Revisited invention planned as tribute to 'father' of computing
The theoretical steam-powered analytical engine of the 1830s is set to become a modern reality, writes KARLIN LILLINGTON
A UNIQUE project to build a lorry-sized computer designed nearly two centuries ago is gaining steam. Literally, that is. If all goes well, John Graham-Cumming will build a steam-powered analytical engine thought up by pioneer Charles Babbage in the 1830s, a man considered to be the “father” of computing.
Babbage, an eccentric and difficult but brilliant personality with a love of mathematics and engineering, invented plans for a number of devices recognised as forerunners of the modern computer but many were never built in his lifetime.
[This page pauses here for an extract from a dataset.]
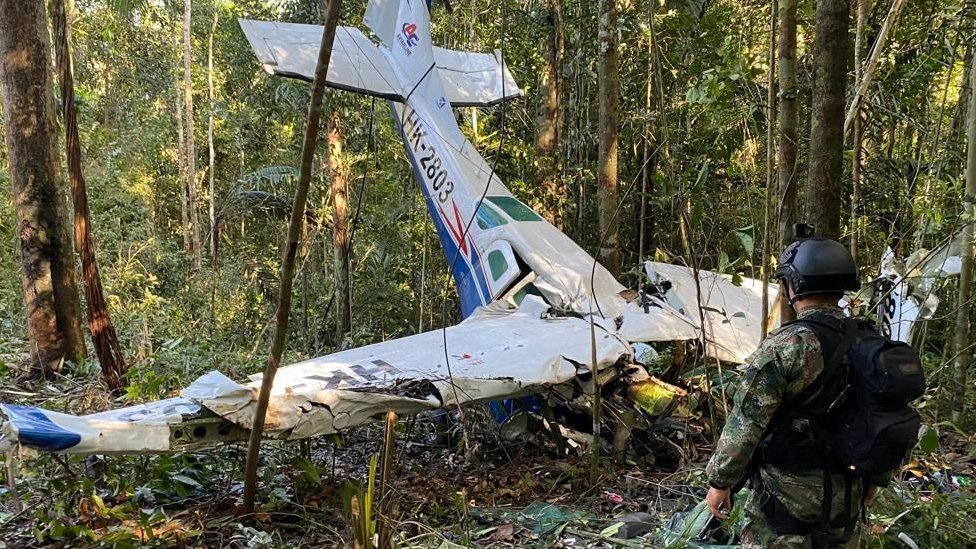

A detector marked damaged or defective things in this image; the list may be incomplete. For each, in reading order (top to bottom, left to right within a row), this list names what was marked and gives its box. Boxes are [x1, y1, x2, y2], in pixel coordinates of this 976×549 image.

crashed small plane [5, 0, 932, 456] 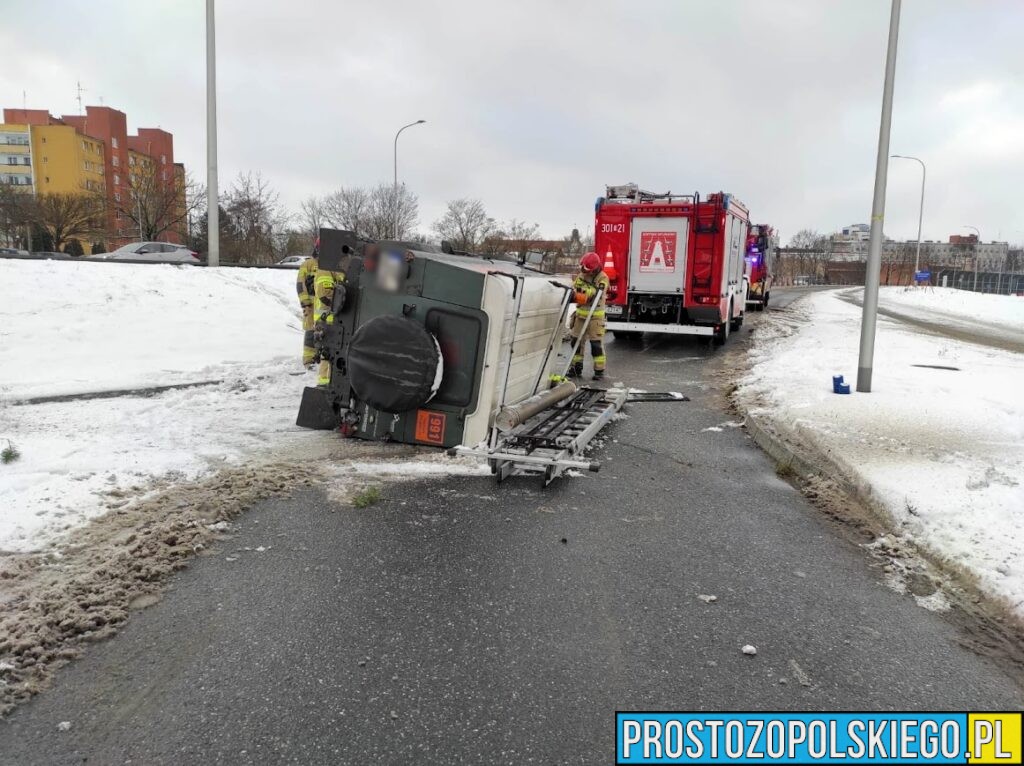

“He was 100 years ahead of his time,” says computer scientist Graham-Cumming, the author of the Geek Atlas, a guide to places around the world that hold a special attraction for geeks. Graham-Cumming also successfully campaigned last year to have the British government apologise for its shabby treatment of computing genius Alan Turing, whose cryptographic capabilities were pivotal to the British war effort but who was stripped of his security clearances because he was gay. Turing eventually took his own life.
Graham-Cumming says the inspiration to build the analytical engine comes from having seen the working model of Babbage’s difference engine number two, constructed from Babbage’s original plans by the Science Museum in London in the 1990s.
“I saw it demonstrated, and to realise these machines were achievable was a pretty big deal. Babbage designed it within the tolerances of the time. And I think, like every computer scientist, I have a love of seeing something like this actually built and made to work. The analytical engine is just so clearly a computer in architecture.”
The difference engine, which also has a primitive working printer similar to a printing press, is able to do complex calculations that would have taken human mathematicians thousands of hours. But it is a far more basic machine than the analytical engine, which qualifies as a proper computer because of three things, says Graham-Cumming.
“First, it’s completely automatic – it runs on steam rather than having to be hand-operated like the difference engine. Second, it is programmable using punch cards. And third, it can look at something in its own memory and make decisions based on it. That makes it a computer.”
The analytical engine’s punch cards were based on the cards used in the just previously invented Jacquard loom to automate the weaving of cloth in the Industrial Revolution. Babbage was well aware of this invention and actually referred to his proposed analytical engine punch cards as Jacquard cards, says Graham-Cumming.
The engine’s memory is based on rods with wheels, numbered from zero to nine and stacked to get combinations of digits.
“There is a great comment from Babbage at the time, where he said that, once the analytical engine was built, it would guide the direction of science forever. He liked a bit of hyperbole,” says Graham-Cumming with a laugh.
But Babbage was probably right. The British government was so intrigued with the difference engine that it threw massive amounts of money at the project – the equivalent of the cost of two battleships. The difference engine was to calculate maths tables that could be used for navigation and astronomy, both important to a seafaring nation during the reign of the British Empire.
However, the difference engine was never built due to a combination of “personality and money”, says Graham-Cumming. Babbage could be outrageously difficult and, part way through the project, he announced that it was not worth building that particular engine but instead the government should let him build another, an approach which exasperated the government and many supporters of the project.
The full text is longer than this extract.